◆ Instructions for the task:
Return only the lines running from the one that contains "Tranh đồng Thờ Cúng Cuốn Thư Câu Đối" through the end of the entries, exactly, both ends included. Omit pictures.

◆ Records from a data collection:
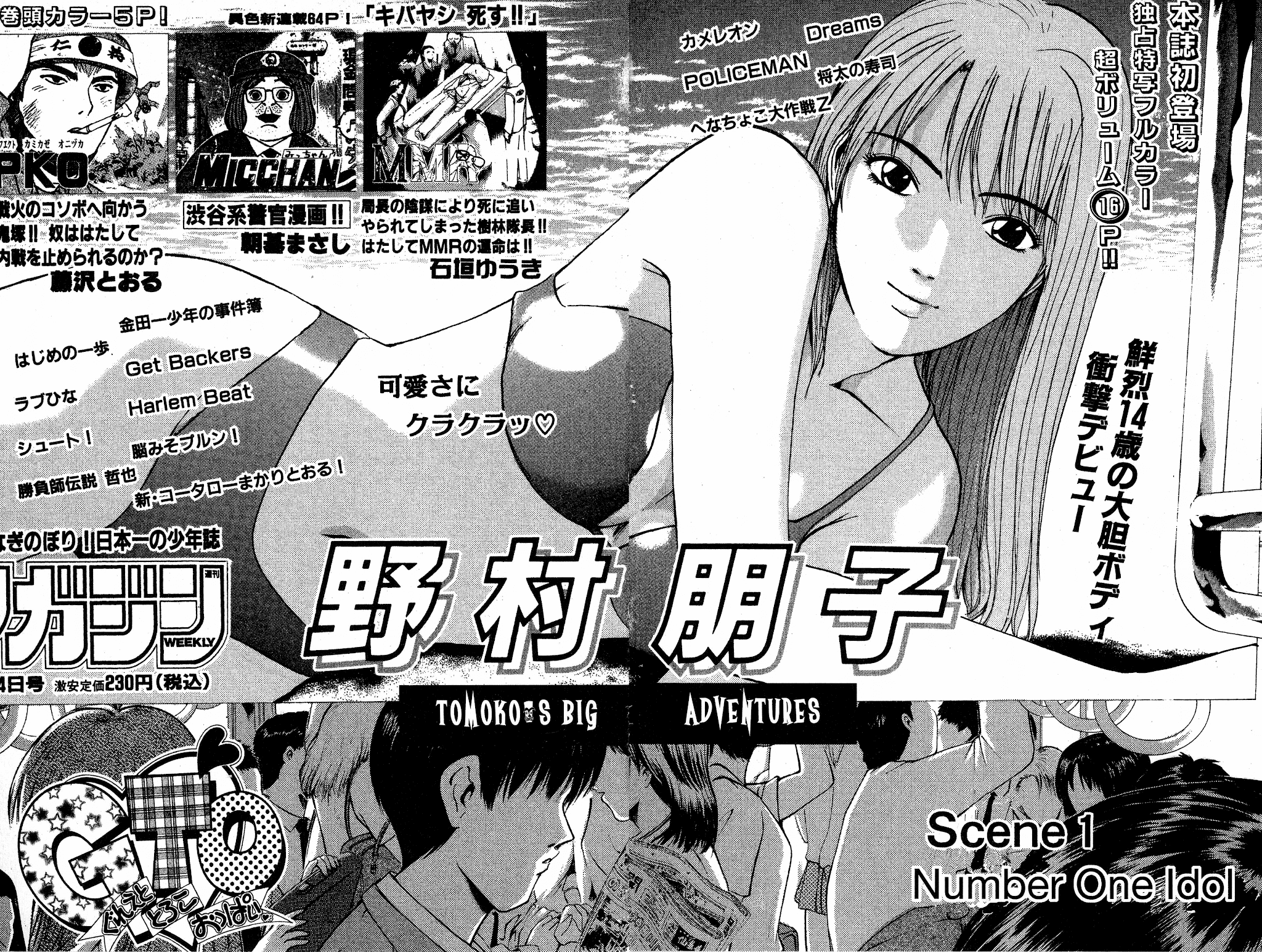 Great Teacher Onizuka Chapter 92.1 page 3 - Chapter 92.1: Number One Idol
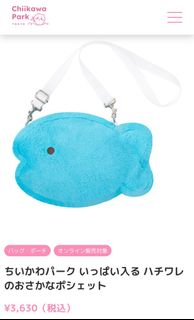 （分類：）位於 。 由 mschiu 提交（商品編號 1454647396，圖片 1）。簡介： 。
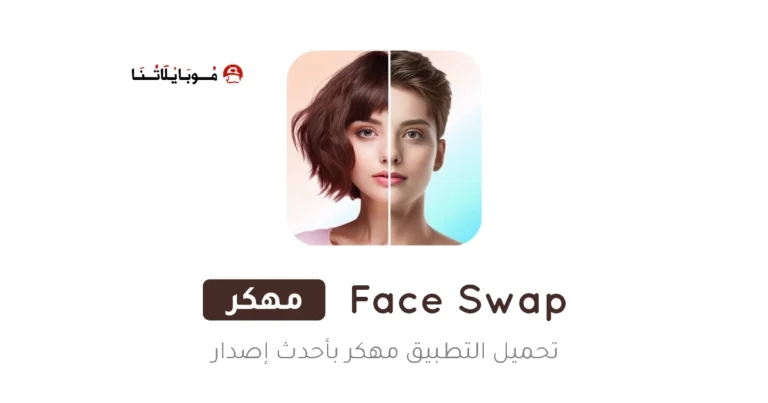 تحميل تطبيق Face Swap مهكر Apk للاندرويد 2025 اخر اصدار مجانا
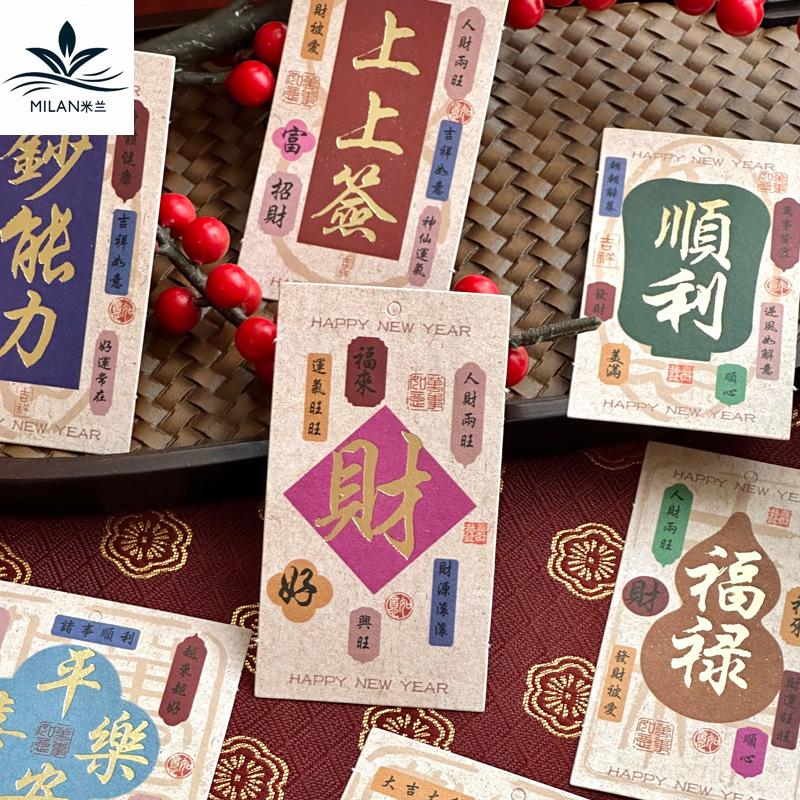 Tarjeta de felicitación del año del caballo, tarjeta de bronceado de oro, tarjeta de felicitación de Año Nuevo, tarjeta de orquídea de mariposa, tarjeta de bonsai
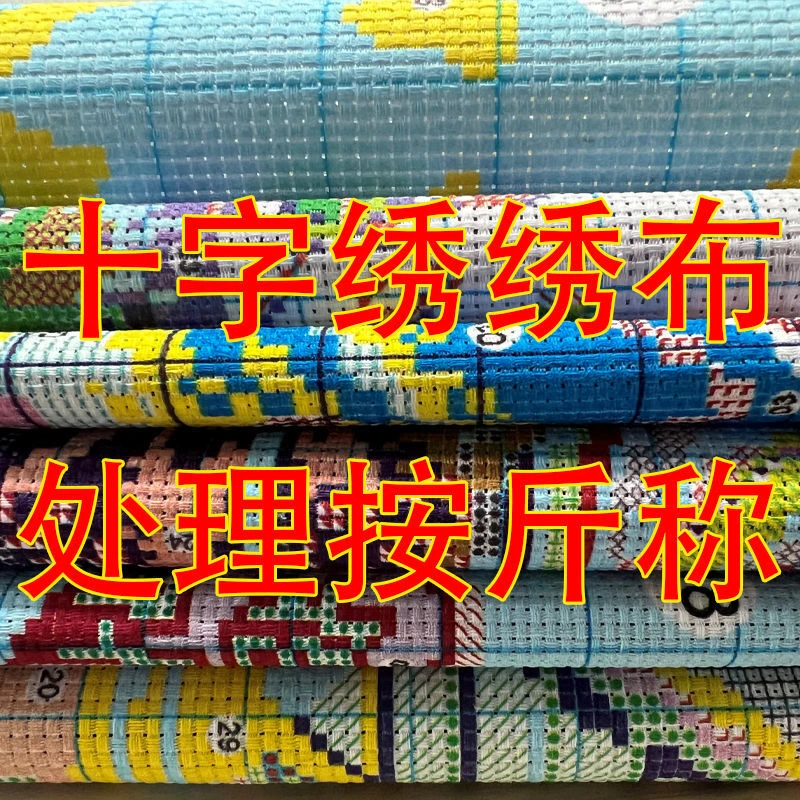 十字绣绣布处理印花随机发棉布料鞋垫DIY刺绣清仓按斤称加厚白色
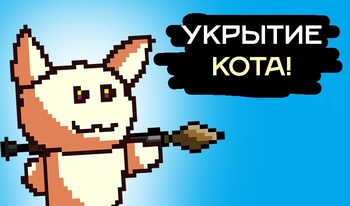 Укрытие Кота!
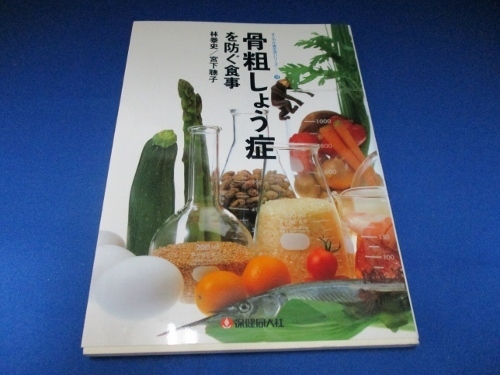 骨粗しょう症を防ぐ食事 (すこやか食生活シリーズ) 単行本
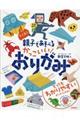 大人気！！親子で遊べるかっこいい！おりがみ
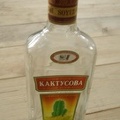 PB010119_01.JPG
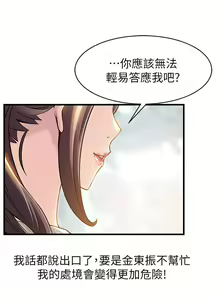 Page 284 of 弱點  [韩国]【中文】 - preview thumbnail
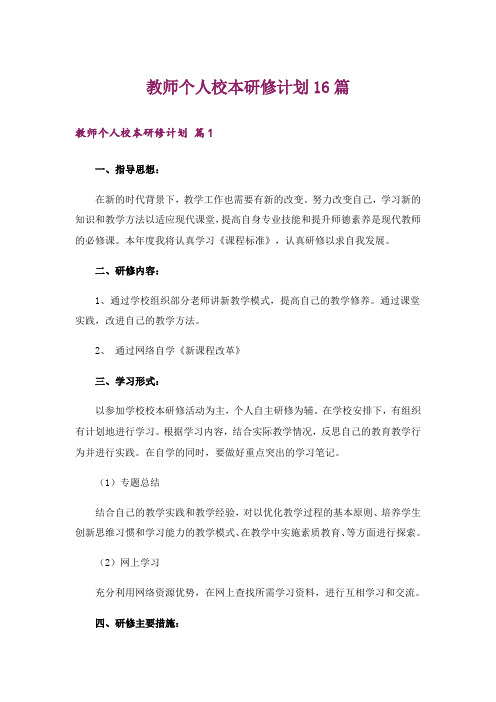 教师个人校本研修计划16篇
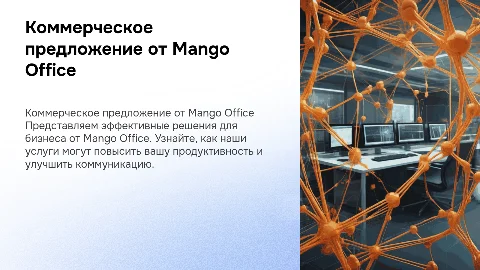 КП от Mango Office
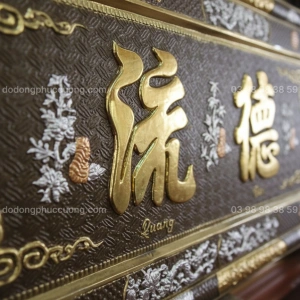 Tranh đồng Thờ Cúng Cuốn Thư Câu Đối
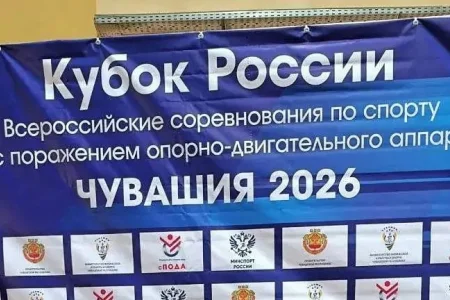 Островитяне – в ТОП-5 Кубка страны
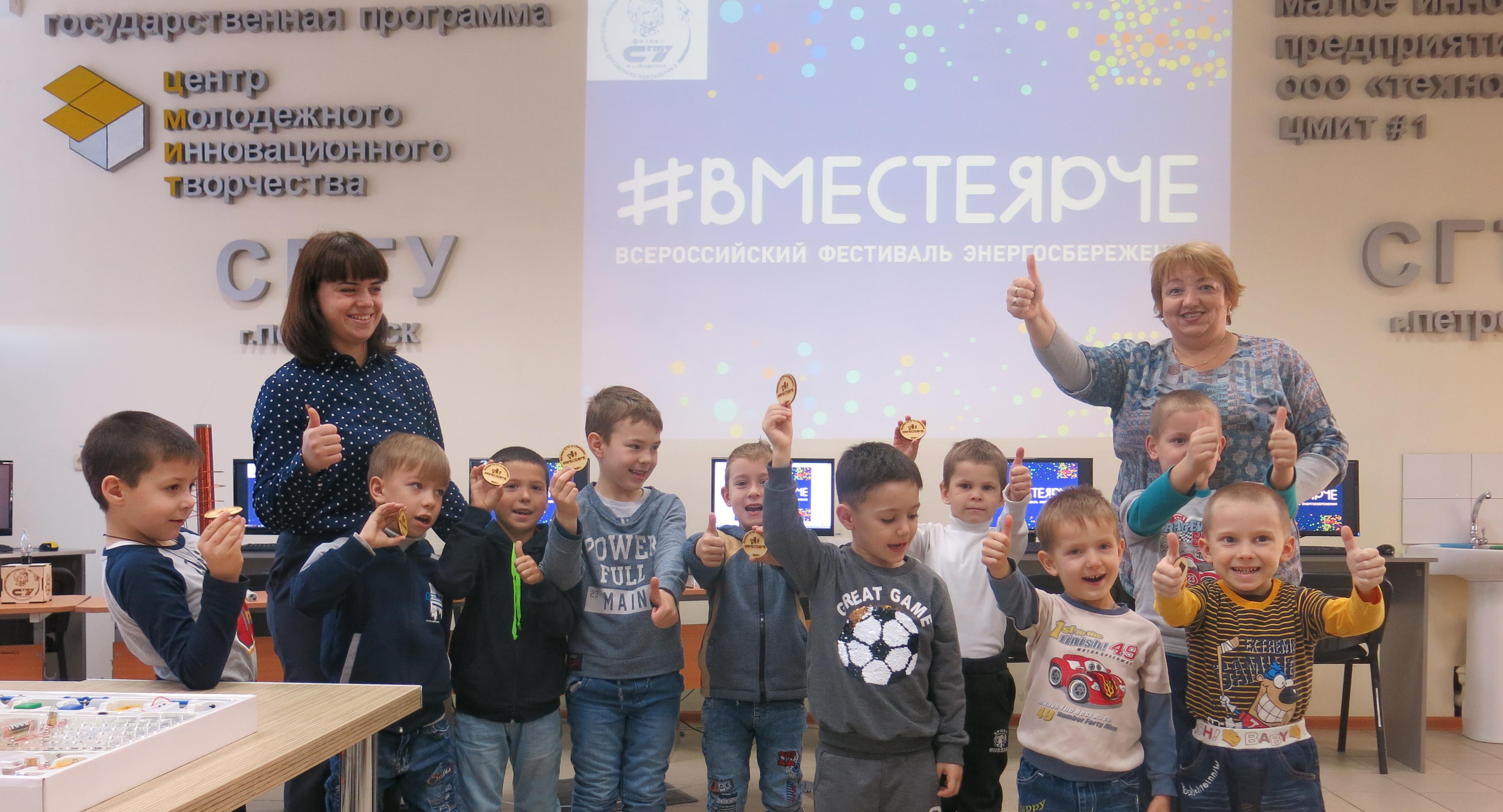 «ВместеЯрче» в Петровске: студенты получили электричество из продуктов питания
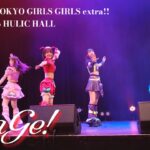 UtaGe!2024.09.03 【4KHQ】TOKYO GIRLS GIRLS extra!! at Yurakucyo HULIC HALL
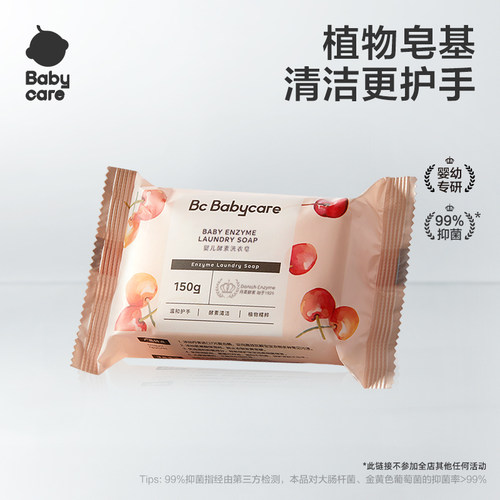 宝宝专用洗衣肥皂babycare新生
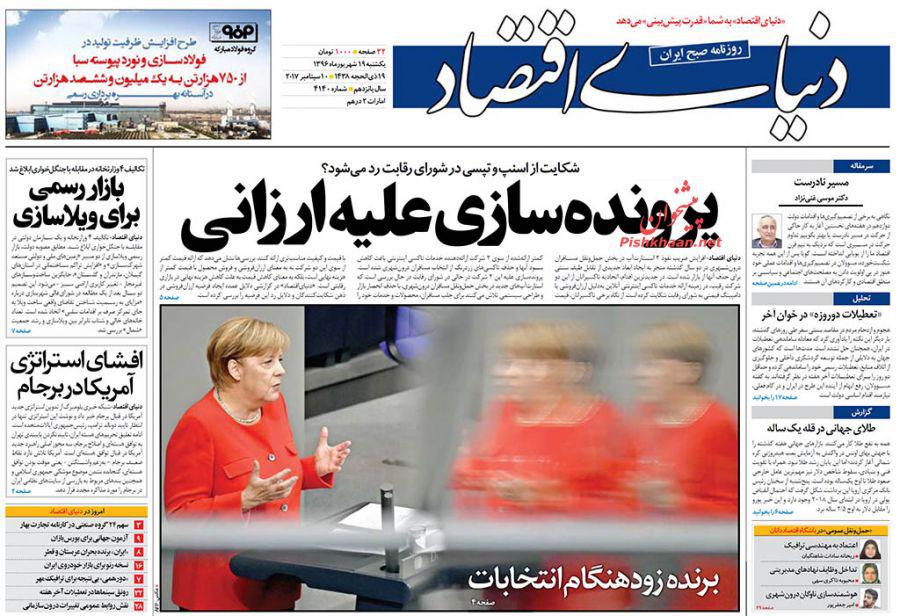 از آبادانی روستاها تا اعتراض به نسل کشی در میانمار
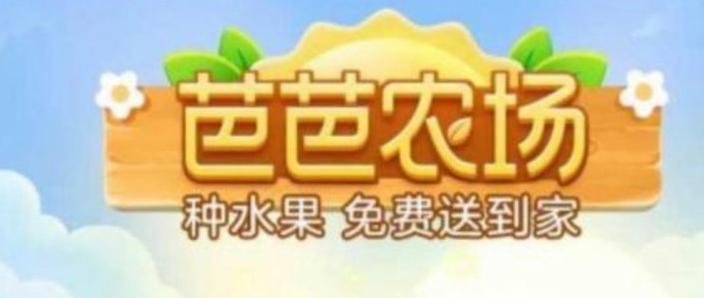 淘宝巴巴农场免费领水果多久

◆ Task output:
 Tranh đồng Thờ Cúng Cuốn Thư Câu Đối
 Островитяне – в ТОП-5 Кубка страны
 «ВместеЯрче» в Петровске: студенты получили электричество из продуктов питания
 UtaGe!2024.09.03 【4KHQ】TOKYO GIRLS GIRLS extra!! at Yurakucyo HULIC HALL
 宝宝专用洗衣肥皂babycare新生
 از آبادانی روستاها تا اعتراض به نسل کشی در میانمار
 淘宝巴巴农场免费领水果多久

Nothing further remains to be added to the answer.